Сегодня мы должны сделать три вещи:

1) Определить условия и подготовить элементы ново­го Конгресса.

2) Организовать нашу Лигу, насколько это будет воз­можно, во всех странах Европы, распространить ее даже, и это нам кажется существенным, на Америку и учредить в каждой стране национальные комитеты и провинциаль­ные подкомитеты, предоставив каждому из них закон­ную, необходимую автономию и подчинив их всех иерар­хически Центральному комитету в Берне. Дать этим ко­митетам полномочия и необходимые инструкции для пропаганды и принятия новых членов.

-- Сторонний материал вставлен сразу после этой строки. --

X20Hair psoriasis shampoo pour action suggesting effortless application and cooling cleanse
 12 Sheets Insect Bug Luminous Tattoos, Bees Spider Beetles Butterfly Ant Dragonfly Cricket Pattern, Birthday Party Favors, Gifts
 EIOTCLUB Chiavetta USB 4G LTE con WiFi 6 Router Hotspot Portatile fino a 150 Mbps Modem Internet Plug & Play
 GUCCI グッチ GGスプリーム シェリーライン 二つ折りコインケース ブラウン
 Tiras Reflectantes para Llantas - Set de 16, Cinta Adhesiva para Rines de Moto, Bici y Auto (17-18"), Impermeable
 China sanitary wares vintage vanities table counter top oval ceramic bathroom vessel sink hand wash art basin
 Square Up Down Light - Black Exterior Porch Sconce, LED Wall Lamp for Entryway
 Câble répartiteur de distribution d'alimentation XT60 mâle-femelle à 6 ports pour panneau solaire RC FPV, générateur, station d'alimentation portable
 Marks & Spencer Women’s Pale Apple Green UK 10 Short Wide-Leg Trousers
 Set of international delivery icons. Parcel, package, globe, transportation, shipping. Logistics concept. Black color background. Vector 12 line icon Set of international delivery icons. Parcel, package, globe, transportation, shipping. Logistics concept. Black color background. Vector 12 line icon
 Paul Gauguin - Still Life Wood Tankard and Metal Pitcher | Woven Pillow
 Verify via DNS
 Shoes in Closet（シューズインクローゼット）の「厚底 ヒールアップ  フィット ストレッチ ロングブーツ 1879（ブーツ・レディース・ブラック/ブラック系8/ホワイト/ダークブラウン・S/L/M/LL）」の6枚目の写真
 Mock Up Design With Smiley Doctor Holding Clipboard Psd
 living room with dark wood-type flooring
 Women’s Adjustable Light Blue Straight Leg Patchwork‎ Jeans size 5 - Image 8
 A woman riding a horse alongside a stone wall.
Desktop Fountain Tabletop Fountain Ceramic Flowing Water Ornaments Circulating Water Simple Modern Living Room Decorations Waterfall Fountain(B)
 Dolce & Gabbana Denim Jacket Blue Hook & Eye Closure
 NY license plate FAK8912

3) Для этой пропаганды основать газету. Не очевидно ли, что для того, чтобы хорошо выпол­нить эти три вещи, мы должны предварительно вырабо­тать принципы, которые бы определили, уже без всякой двусмысленности, природу и цель Лиги. Эти принципы, с одной стороны, вдохновят и направят нашу как пись­менную, так и устную пропаганду, а с другой стороны, по­служат условиями и основой при принятии новых чле­нов. Последний пункт, господа, представляется нам чрез­вычайно важным. Ибо будущее нашей Лиги полностью зависит от склонностей, идей и тенденций как политиче­ских и социальных, так и экономических и нравственных, от этой массы новых людей, для которых мы откроем на­ши ряды. Образуя институт в высшей степени демократический, мы не будем претендовать на управление нашим народом, т. е. массой наших приверженцев, сверху до­низу, и как только мы организуемся, мы никогда не по­зволим себе навязывать им авторитарно наши идеи. На­против, мы хотим, чтобы все наши провинциальные под­комитеты и национальные комитеты, вплоть до централь­ного или интернационального комитета, избирались сни­зу доверху голосованием наших приверженцев во всех странах и поэтому стали верным и послушным выраже­нием их чувств, идей и воли. Но ныне, именно потому, что мы решили подчиняться во всем, что будет касаться общего дела Лиги, желаниям большинства, ныне, покуда мы находимся еще в малом числе, не должны ли мы, ес­ли мы не хотим, чтобы наша Лига когда-либо уклонилась от своей первоначальной идеи и от направления, придан­ного ей ее инициаторами, не должны ли мы принять ме­ры, чтобы никто, имеющий намерения, противополож­ные этой идее и этому направлению, не смог сделаться ее членом? Не должны ли мы организоваться таким обра­зом, чтобы огромное большинство наших приверженцев оставалось всегда верным вдохновляющим нас сегодня-чувствам, и установить такие правила приема членов, что­бы даже при смене личного состава наших комитетов дух Лиги остался неизменным?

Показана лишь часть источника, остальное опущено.